▶ _EXTRACTED INFORMATION_
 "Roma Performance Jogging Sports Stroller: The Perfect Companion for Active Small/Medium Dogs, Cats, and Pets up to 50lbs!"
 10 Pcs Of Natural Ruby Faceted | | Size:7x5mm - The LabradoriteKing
* * *
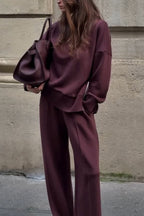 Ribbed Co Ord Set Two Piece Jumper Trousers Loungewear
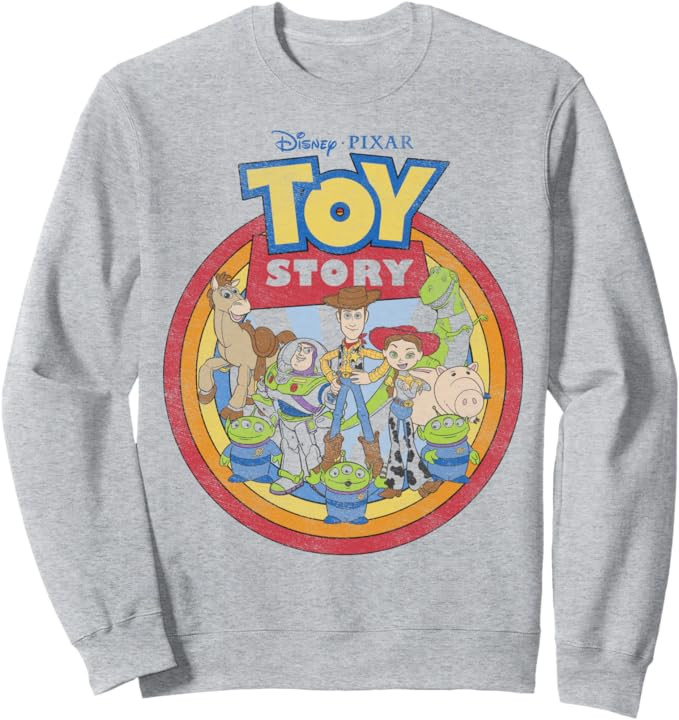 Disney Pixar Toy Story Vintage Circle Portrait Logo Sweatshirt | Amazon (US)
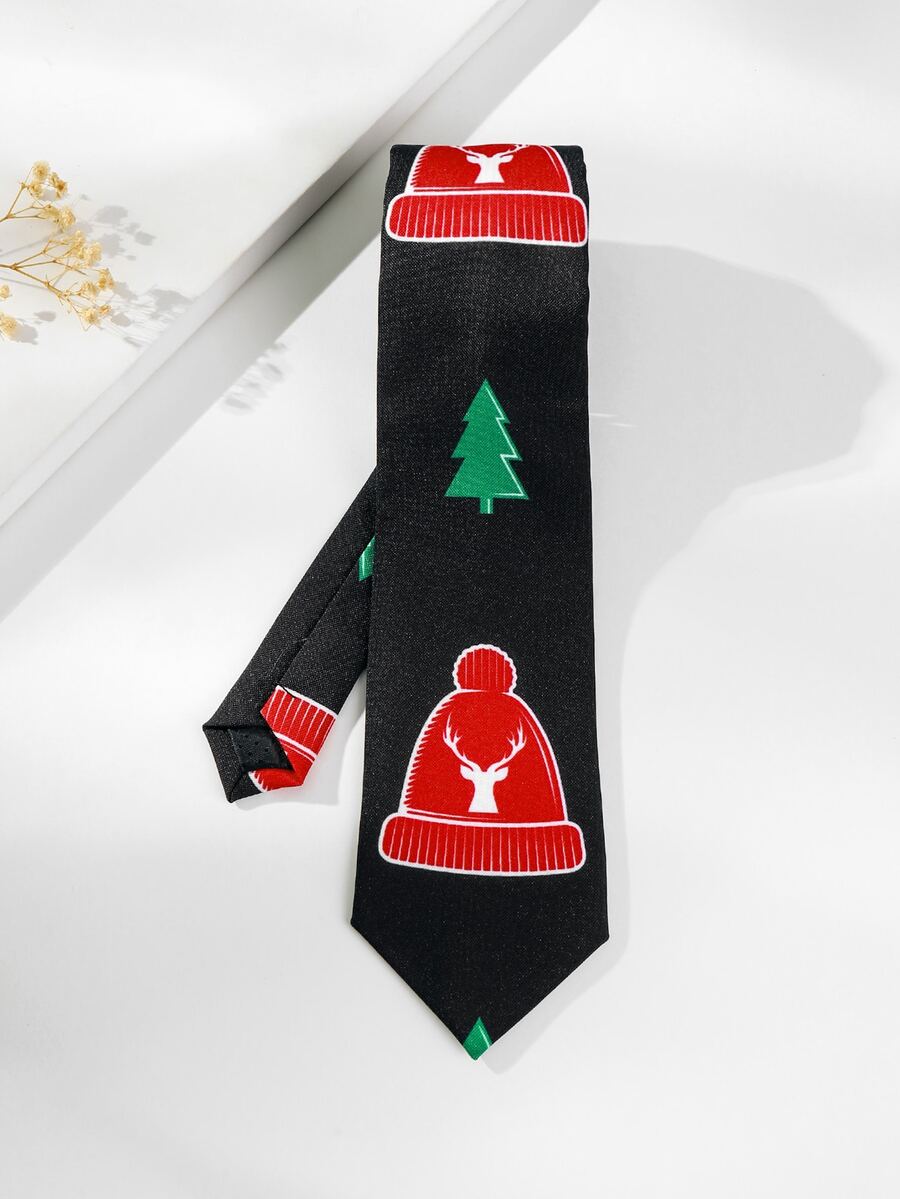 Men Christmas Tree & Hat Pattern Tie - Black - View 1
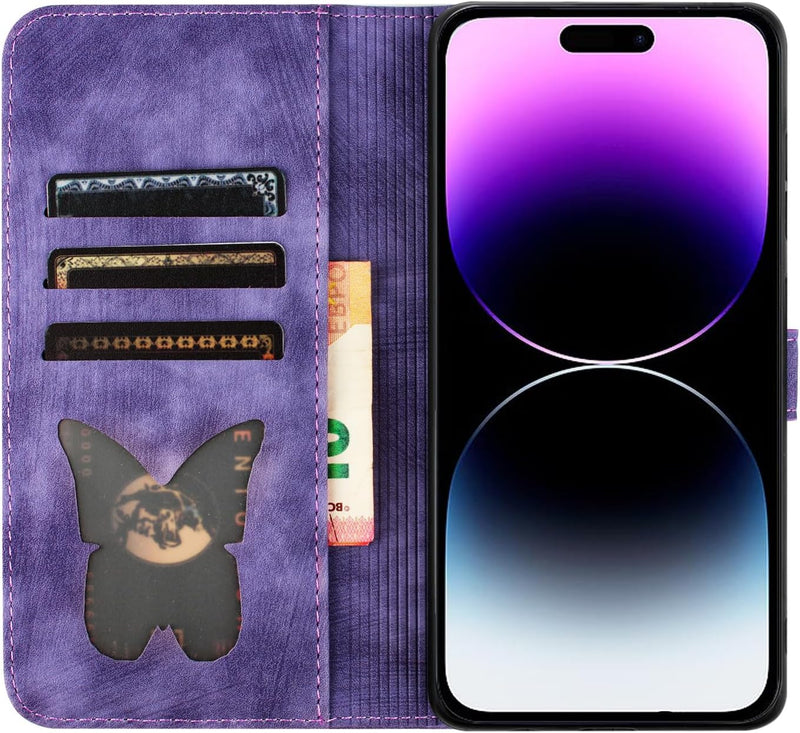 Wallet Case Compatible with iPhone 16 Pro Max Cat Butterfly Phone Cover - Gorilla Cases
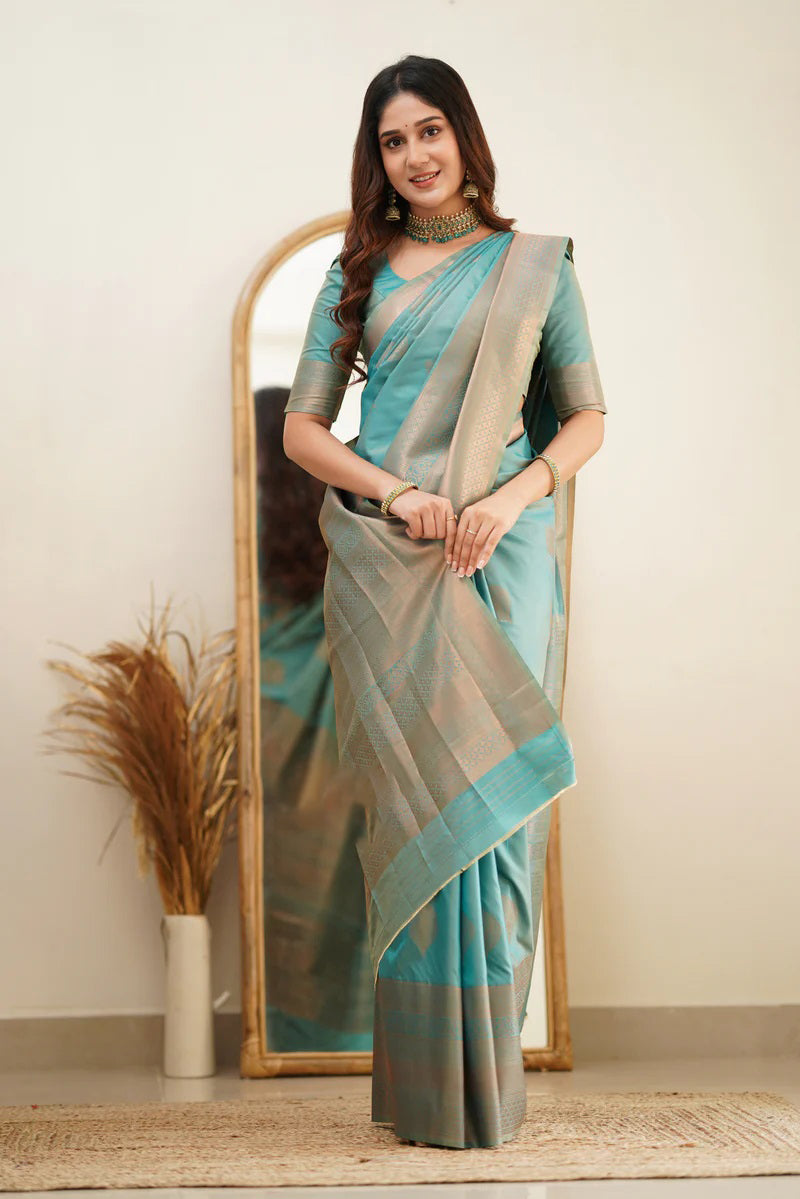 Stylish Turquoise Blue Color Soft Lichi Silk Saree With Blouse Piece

▶ _WHAT TO PRODUCE_
Take the records above and return, word for word, only the lines that fall from the line with "Performance Jogging Sports" to the line with "10 Pcs Of Natural", both of them included.

▶ _EXERCISE OUTPUT_
 "Roma Performance Jogging Sports Stroller: The Perfect Companion for Active Small/Medium Dogs, Cats, and Pets up to 50lbs!"
 10 Pcs Of Natural Ruby Faceted | | Size:7x5mm - The LabradoriteKing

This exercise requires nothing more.